» **Exercise directions**
Write down the listing again exactly as it appears below, without its pictures.

» **Data extract**
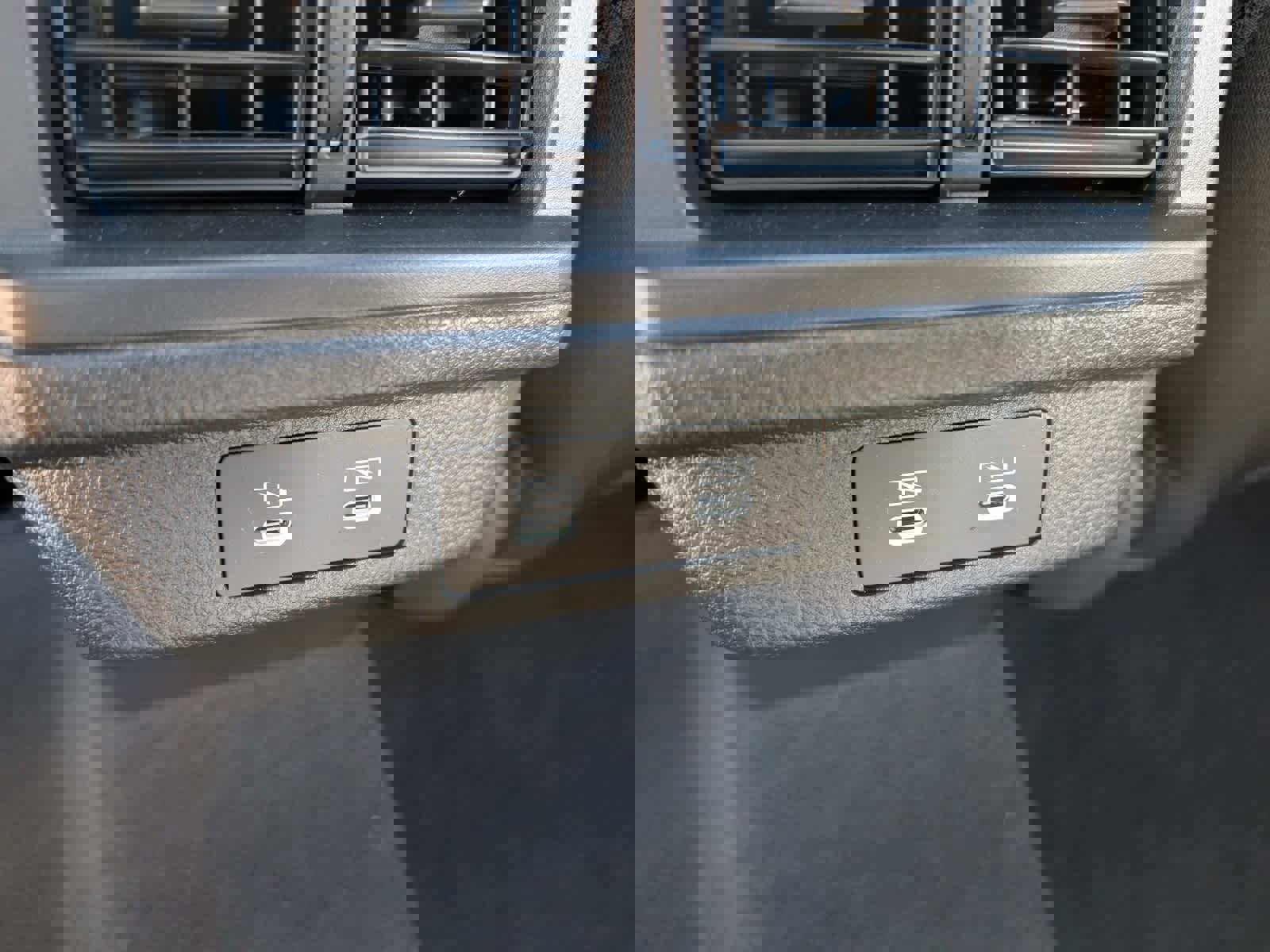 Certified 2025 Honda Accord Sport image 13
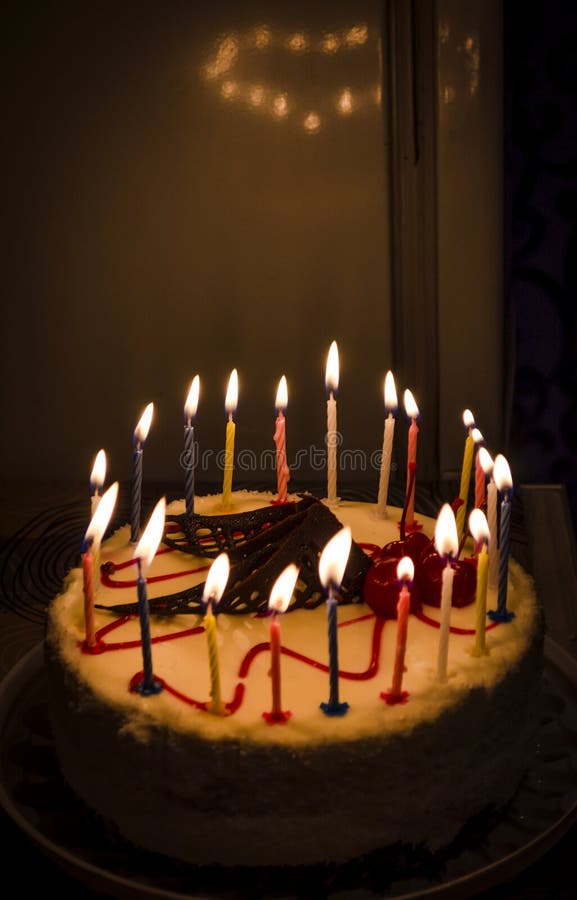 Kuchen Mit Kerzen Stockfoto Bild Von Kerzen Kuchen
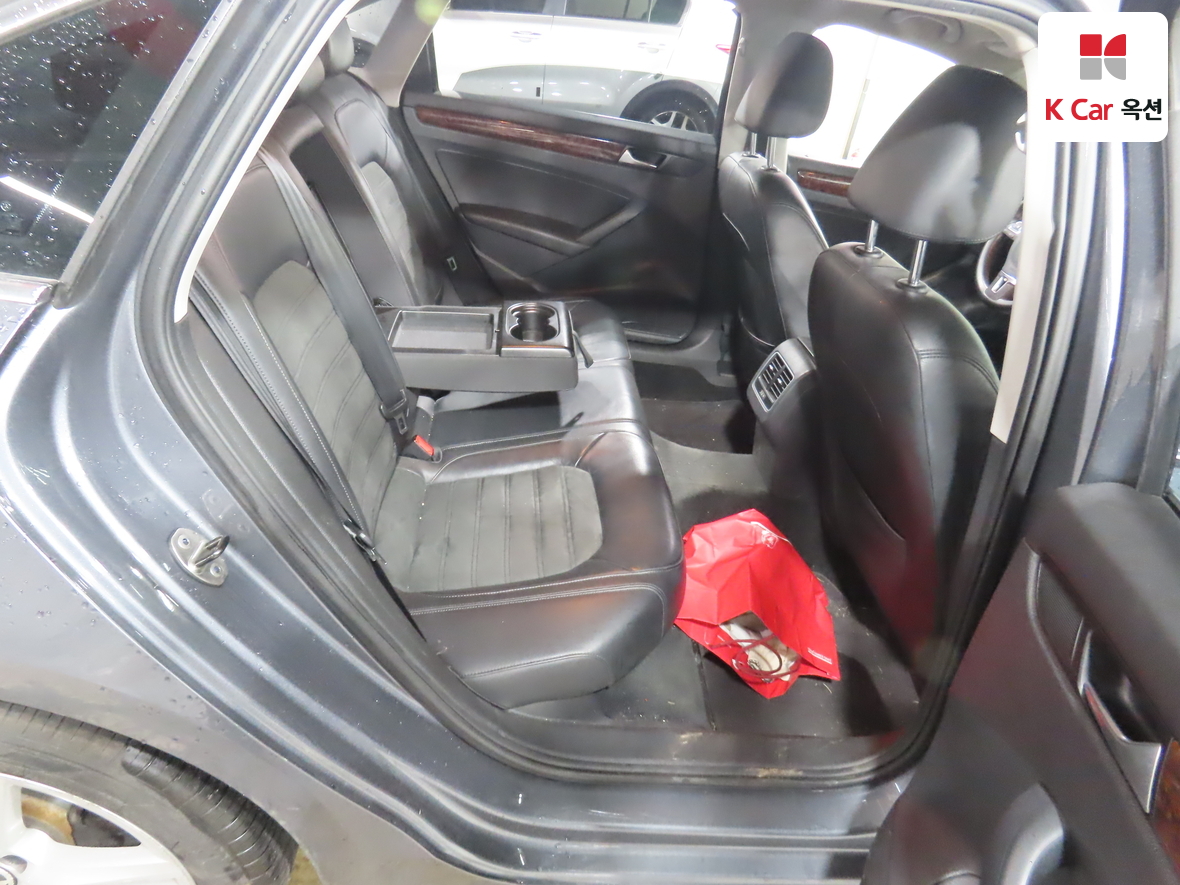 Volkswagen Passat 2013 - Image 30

» **Response**
 Certified 2025 Honda Accord Sport image 13
 Kuchen Mit Kerzen Stockfoto Bild Von Kerzen Kuchen
 Volkswagen Passat 2013 - Image 30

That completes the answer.